A study by National Eye Institute (NEI) researchers has identified two rare genetic variants that could point to one of the general mechanisms driving age-related macular degeneration (AMD), a common cause of vision loss in older adults. The variants, identified through a study of AMD families, generate malformed proteins that alter the stability of the terminal complement membrane attack complex (MAC), which may drive a chronic inflammatory response in the retina. Reported in iScience, the findings point to MAC as a potential therapeutic target to slow or prevent the development of AMD.
“While we have known about many genetic variants that affect AMD risk, only a few have pointed directly to protein alterations that can cause AMD,” said Anand Swaroop, PhD, chief of NEI’s Neurobiology, Neurodegeneration and Repair Laboratory, and lead author of the new study. “By looking at large families with ultra-rare variants that track closely with disease across generations, we found two proteins that may directly be the driving force behind AMD pathology in affected patients. These proteins could be targets for future drugs.” Swaroop, together with Michael Klein, MD, an AMD clinician at the Oregon Health Sciences University (OHSU), and colleagues reported on their findings in a paper titled “Ultra-rare complement factor 8 coding variants in families with age-related macular degeneration.”
Age-related macular degeneration is a late-onset neurodegenerative disease that represents a major cause of vision impairment in elderly individuals, and constitutes about 6-9% of legal blindness, the authors wrote. “Advanced age, environmental factors, life-style and genetic predisposition contribute significantly to disease pathologies … “. While there are many known genetic variants that raise or lower an individual’s risk of getting AMD, the contribution of each of these genetic changes to AMD is small. “Genome-wide association studies have uncovered 52 independent common and rare variants across 34 genetic loci, which influence susceptibility to age-related macular degeneration (AMD),” the team continued. These variants help to explain more than half of AMD heritability, with the complement system representing a potentially major contributor, alongside chronic inflammation and disruption of the extracellular matrix. However, the authors continued, “pathophysiological mechanisms of AMD progression remain unclear hindering effective diagnosis and development of therapies.” And while there are currently some treatments to slow vision loss for people with the wet form of AMD, there is no treatment for most patients and no cure for the disease.
To discover genetic variants – and proteins – with a direct tie to AMD, Swaroop, Klein and colleagues collected clinical information for hundreds of patients, as well as families with a high number of individuals with AMD. The investigators carried out whole exome sequencing to identify families carrying very rare AMD-causing variants, where the effect of the gene variant is very strong, and where the variant directly affects protein structure and function. This type of rare variant can reveal an underlying cause of disease.
Swaroop, Klein and colleagues found that in four families, individuals with AMD have mutations in one of two genes, complement Factor 8A (C8A), and 8B (C8B), which encode the C8-alpha, and C8-beta proteins that are components of one end of the complement membrane attack complex. The team found that the variants from the four AMD families all affected the ability of the C8 proteins to stick to each other, which may alter how MAC behaves in the eye’s retina. “The identified C8 variants impact local interactions among proteins of C8 triplex in vitro, indicating their effect on MAC stability,” the authors wrote.
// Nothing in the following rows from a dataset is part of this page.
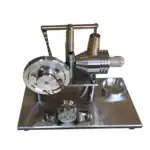 Dispositif scientifique en métal avec cadran, tubes et mécanismes pour expériences de physique ou chimie.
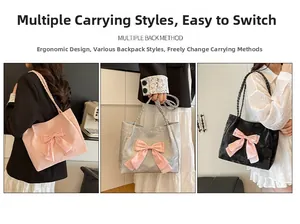 Detail view of large bow ornaments on soft tote bags in pink, silver, and black colors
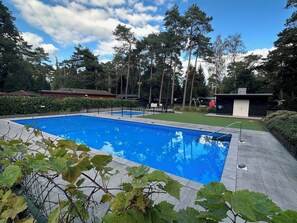 Relax by the rectangular pool surrounded by a paved deck and lush greenery.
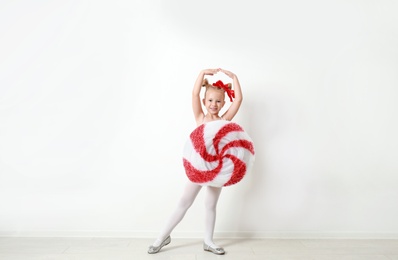 Image of Cute little girl dressed as candy near white wall. Christmas suit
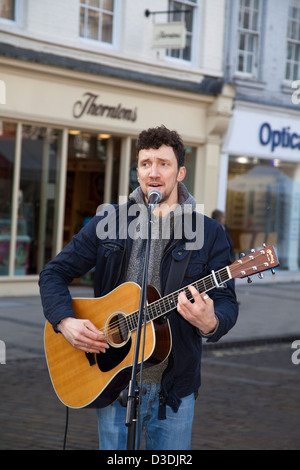 Les Amuseurs publics titulaires d'  Neil Ryan un musicien singing into microphone, aux spectacles de rue dans le centre de York, Yorkshire, UK Banque D'Images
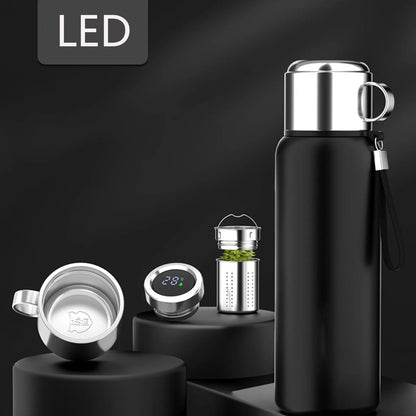 Smart LED thermos bottle set with tea infuser, digital temperature lid, and stainless steel cup on black display. BeTrendy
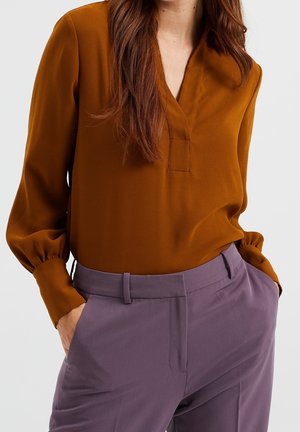 Vrouw die een roestkleurige blouse met lange mouwen draagt, ingestopt in paarse broek met hoge taille, met handen in de zakken, tegen een effen achtergrond.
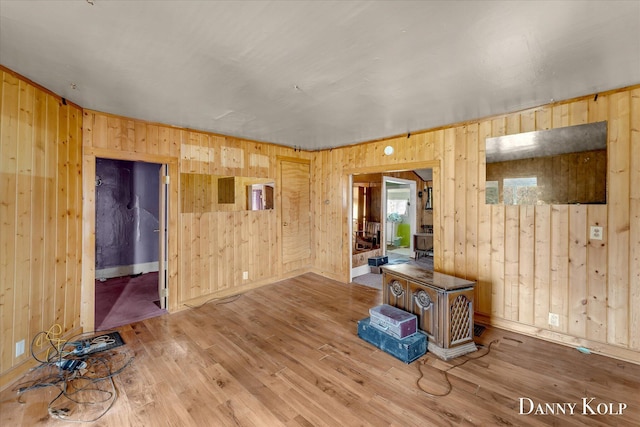 114 E St, Coopersville, MI 49404 - empty room with baseboards, wood walls, and wood finished floors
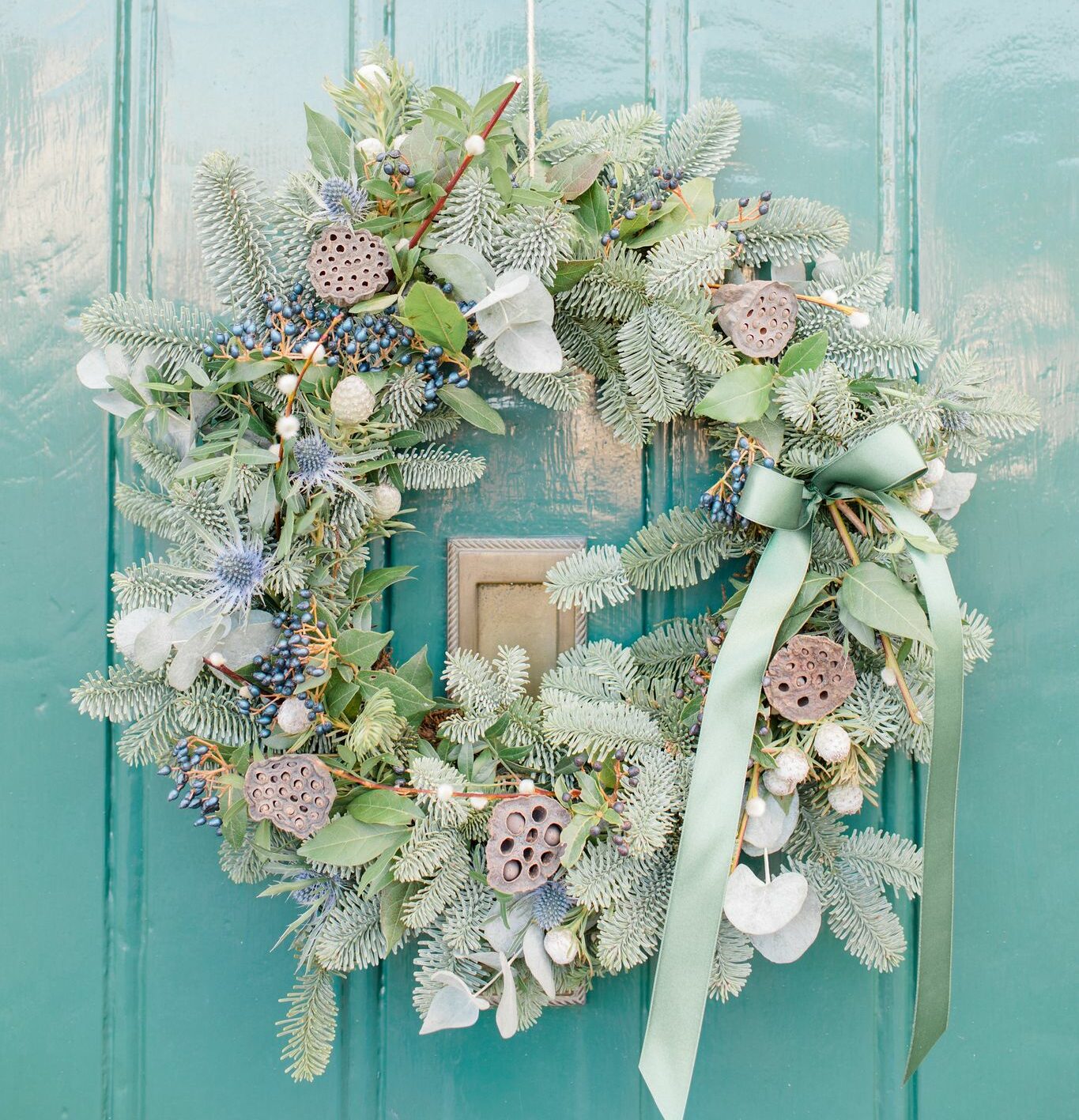 A luxury Christmas wreath crafted with fresh foliage, festive accents, and elegant ribbons, beautifully displayed to evoke the warmth and magic of Christmas at The Farmhouse at Polehanger.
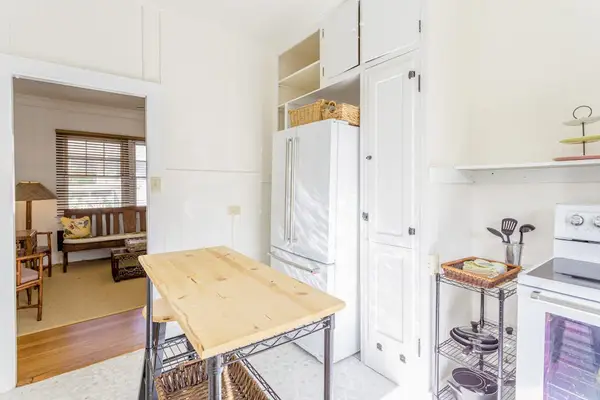 Gather around the wooden dining table for memorable meals and conversations together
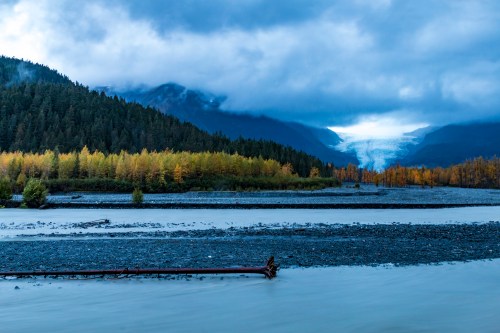 A serene landscape featuring a river, mountains, and a glacier under a cloudy sky, with autumn foliage in the foreground.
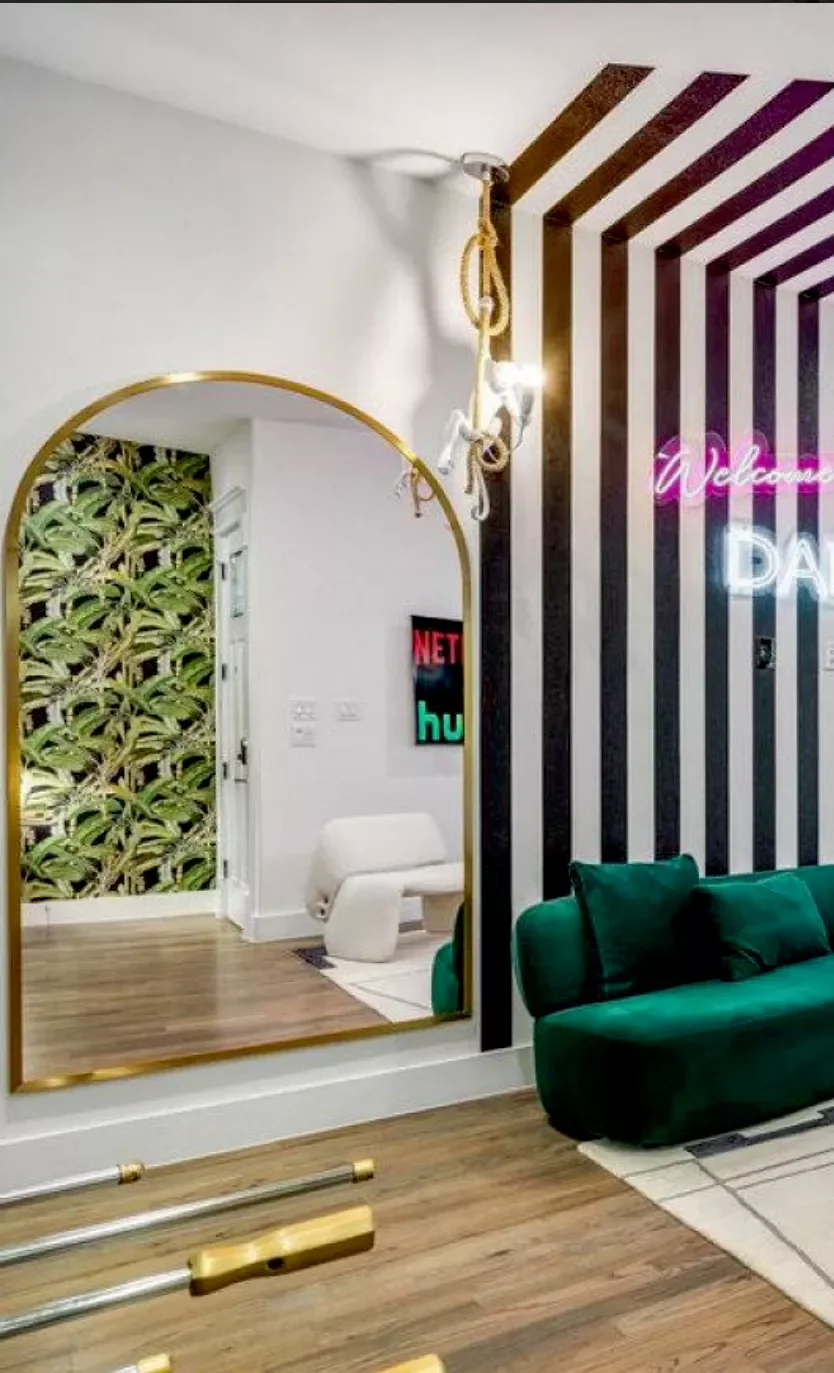 Interior of a modern living room with a large gold-framed mirror, a green velvet couch, striped black and white walls, a neon 'Welcome' sign, and a patterned wallpapered wall with tropical leaves in the background.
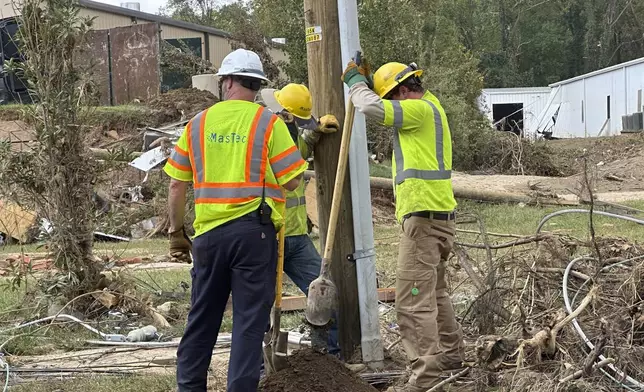 Contractors for Duke Energy dig a hole by hand to replace a utility pole in an area of destroyed electrical lines near the Swannanoa River in Asheville, N.C., on Friday, Oct. 4, 2024. (AP Photo/Jeff Amy)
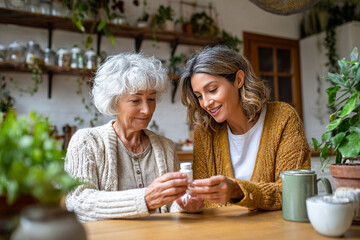 Woman helps senior with medication at home. Shows care, family, health. Useful for ads, web, design.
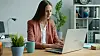 Woman using a laptop at a desk in a bright home office with plants and shelves.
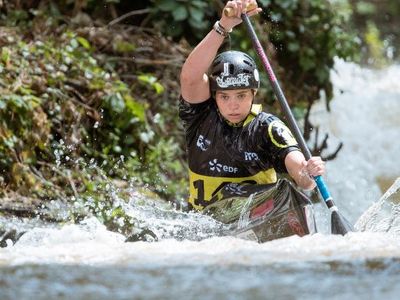 What does a buoyancy aid provide while canoeing?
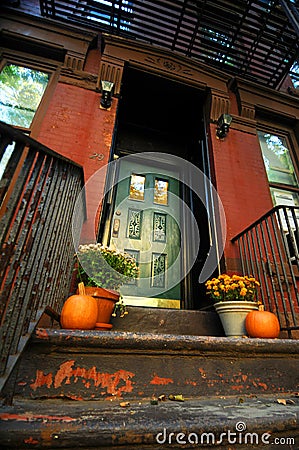 Halloween Pumpkins by doorway Stock Photo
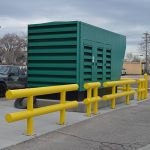 Heavy-Duty Guardrail sleeved in plastic used to protect a facility generator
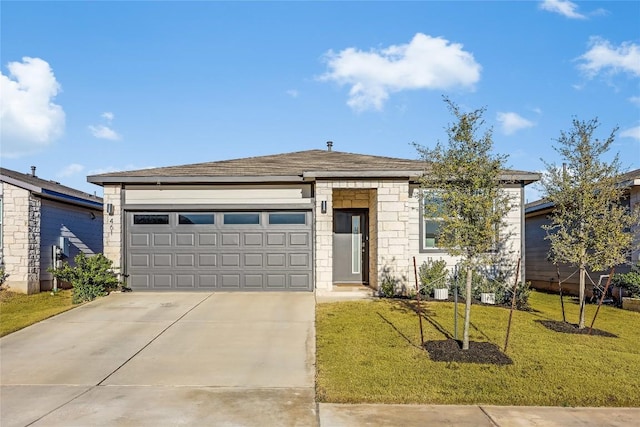 view of front of property with concrete driveway, a front lawn, and an attached garage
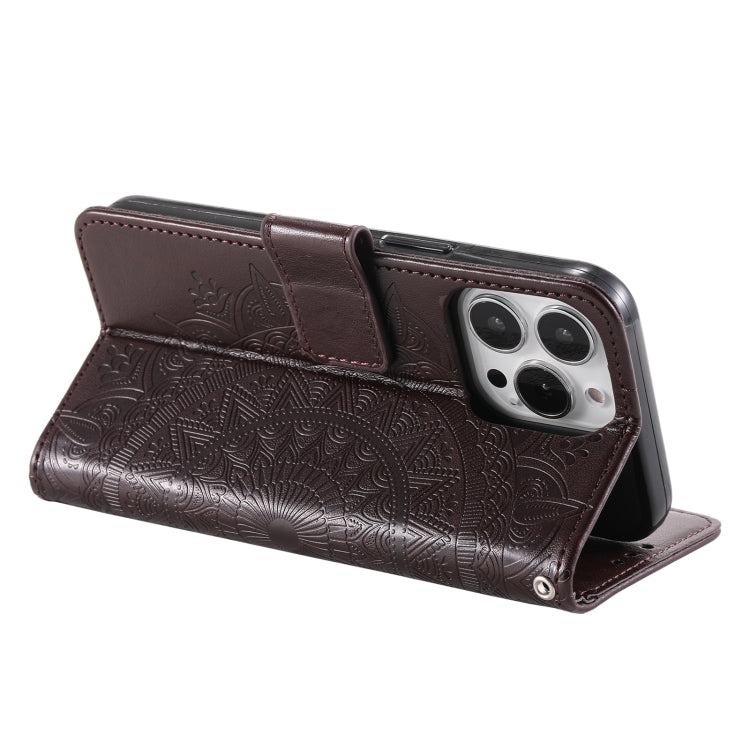 For iPhone 16 Pro Max Totem Flower Embossed Leather Phone Case(Brown)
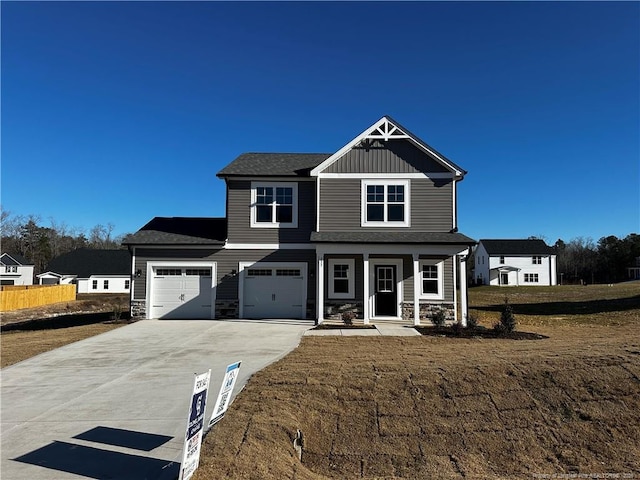 view of front of property featuring covered porch, a front yard, and a garage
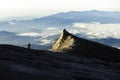 Trekker standing on Kinabalu mountain with south peak and mountain range in background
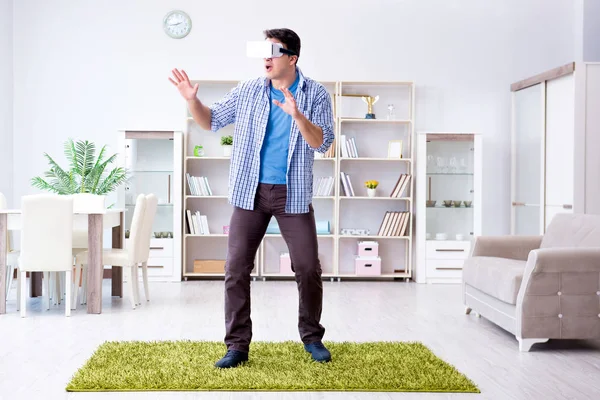Hombre con gafas de realidad virtual jugando en casa — Foto de Stock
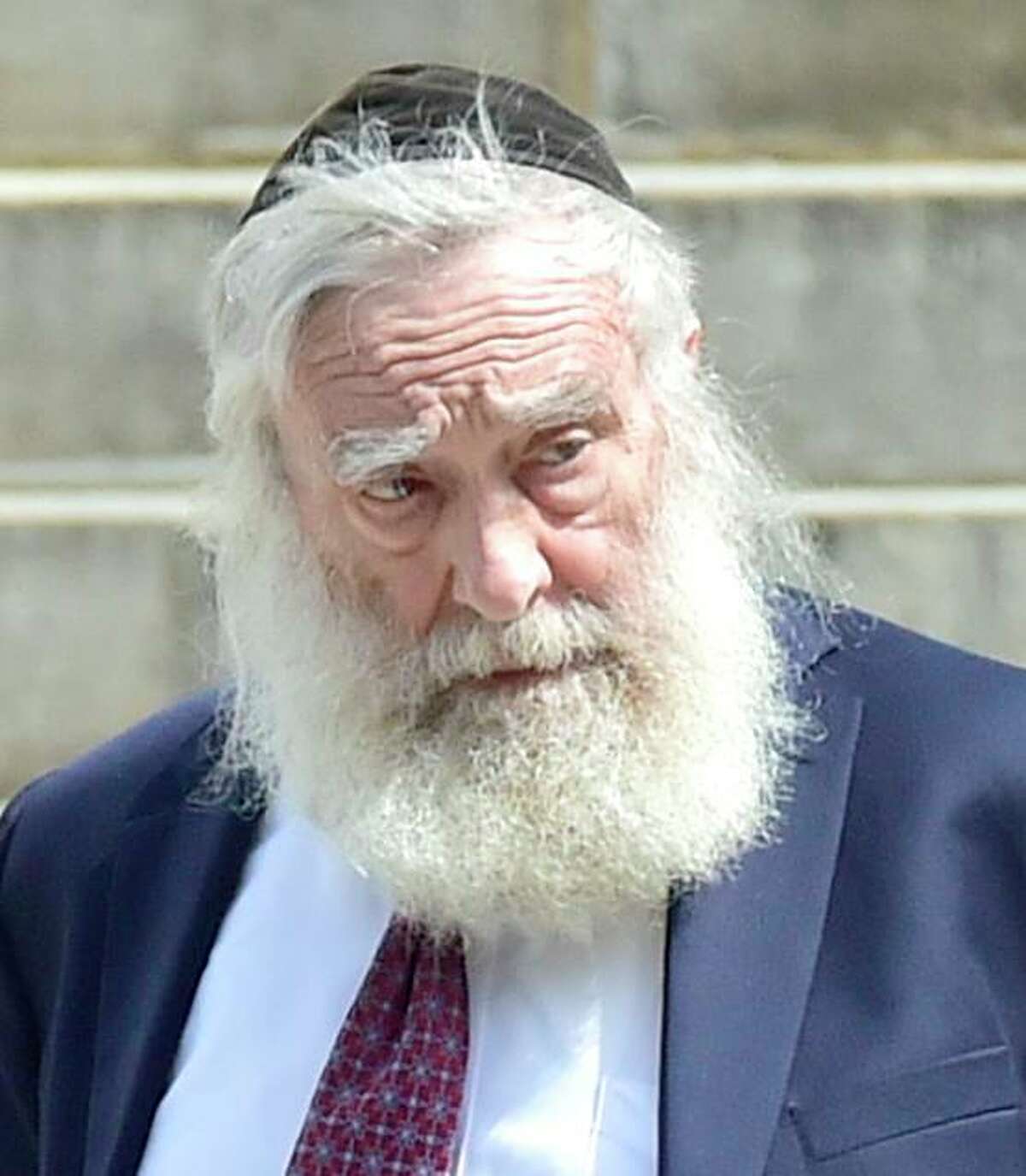 Rabbi Daniel Greer, 77, of New Haven, leaves New Haven Superior Court on Elm Street in New Haven, Conn. Monday, August 14, 2017 after he was arraigned on a criminal charge of second-degree sexual assault and risk of injury to a minor. Greer did not enter a plea. The alleged victim in the criminal charge is Eliyahu Mirlis, of New Jersey, who was awarded $15 million in in his civil lawsuit against Greer in May of 2016. Greer was a dean of the Yeshiva of New Haven/the Gan School, where the alleged victim was a high school student. Greer was accused in May 2016 of repeatedly sexually assaulting Mirlis, of New Jersey, over several years in the early- to mid-2000s. Mirlis attended the school from 2001 to 2005. Greer has denied the allegations.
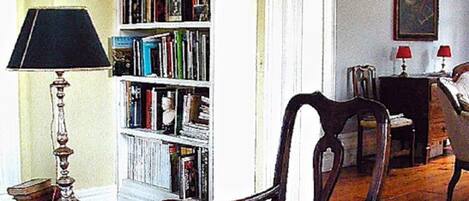 Une pièce avec une bibliothèque, une lampe et deux chaises.
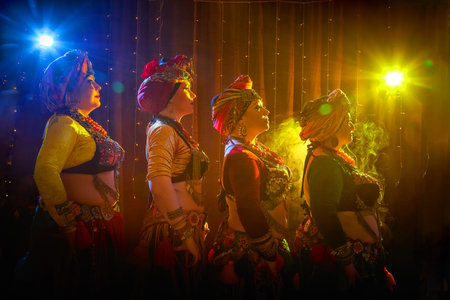 Four women in colorful traditional costumes pose for a photo. A tribal dancer poses for a photo shootの写真素材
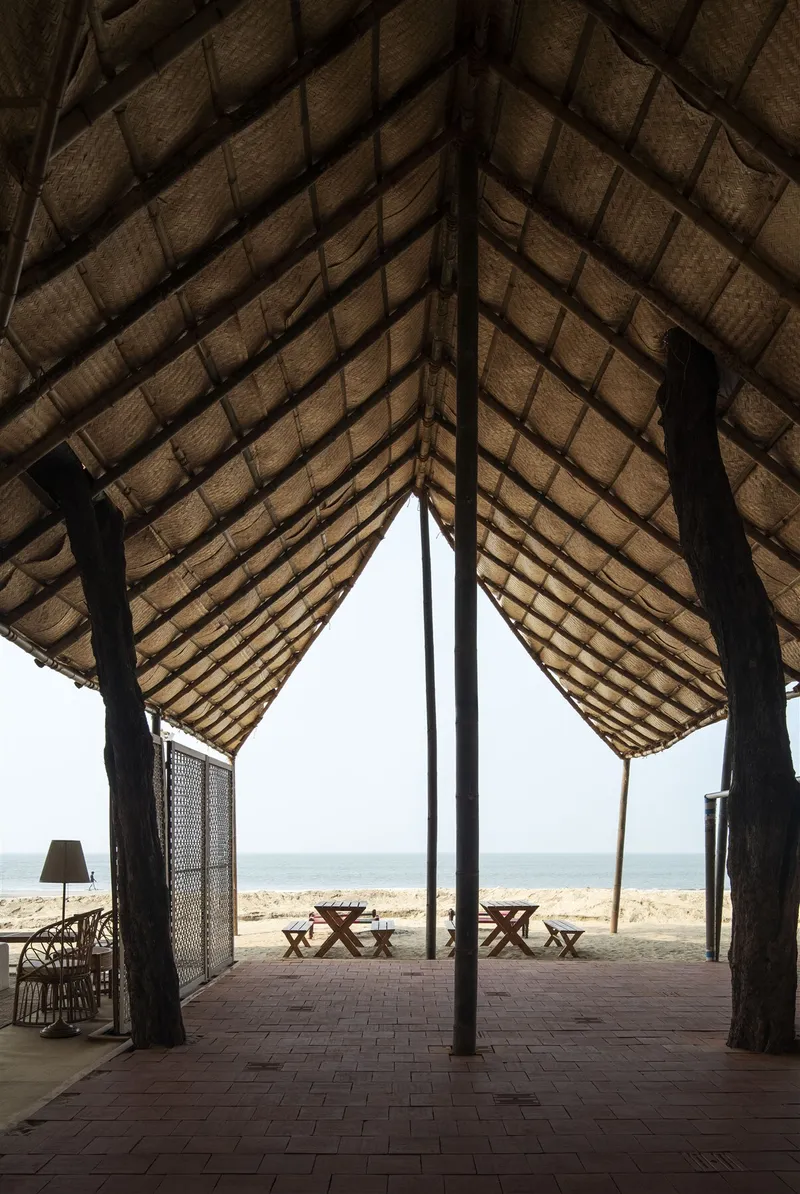 Interior view through a thatched pavilion with timber columns framing the ocean beyond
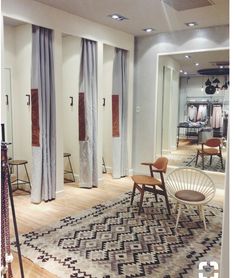 a room with chairs and rugs in it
MAC forms a circular pore, closed at one end by the C8 proteins; the MAC pore permits the flow of ions through the outer membrane of cells. This pore is the final step in the ‘complement cascade,’ a part of the immune system that helps the body defend against pathogens. Although scientists initially thought that MAC’s only function was to insert into bacterial cell membranes and kill the pathogen, more recent evidence shows that MAC plays a complex role in regulating inflammatory processes in tissues like the retina. “… multiple studies have shown that MAC dysregulation can lead to inflammasome activation … These studies, together with our data, indicate a complex interplay between AMD, MAC and the inflammasome.
Genetic data from NEI’s Age Related Eye Disease Studies have suggested roles for C8 proteins, as well as other proteins higher up in the complement cascade, in AMD. Because MAC is the final step in the complement cascade, variants affecting any of the complement proteins may funnel down to alter MAC function. The researchers believe that either too much or too little stable MAC in the retina may lead to destructive inflammation, which in turn drives AMD progression. “Our results suggest that MAC, and not the early steps of the complement pathway, night be a more effective target for designing treatments for AMD,” they stated.
“Given that MAC is the end of the immune system’s complement pathway, and because there’s such a strong link between these rare variants and disease, we think that targeting it may be a more effective strategy to control AMD,” Swaroop said. “With a small molecule drug, we might be able to control how strongly MAC drives inflammation, and from there slow down progression of AMD.” Acknowledging some limitations of their study, the authors nevertheless concluded, “Terminal MAC can therefore be mentioned as a target of therapies for age-related diseases such as AMD, where “inflammaging” might be a contributor to pathology.”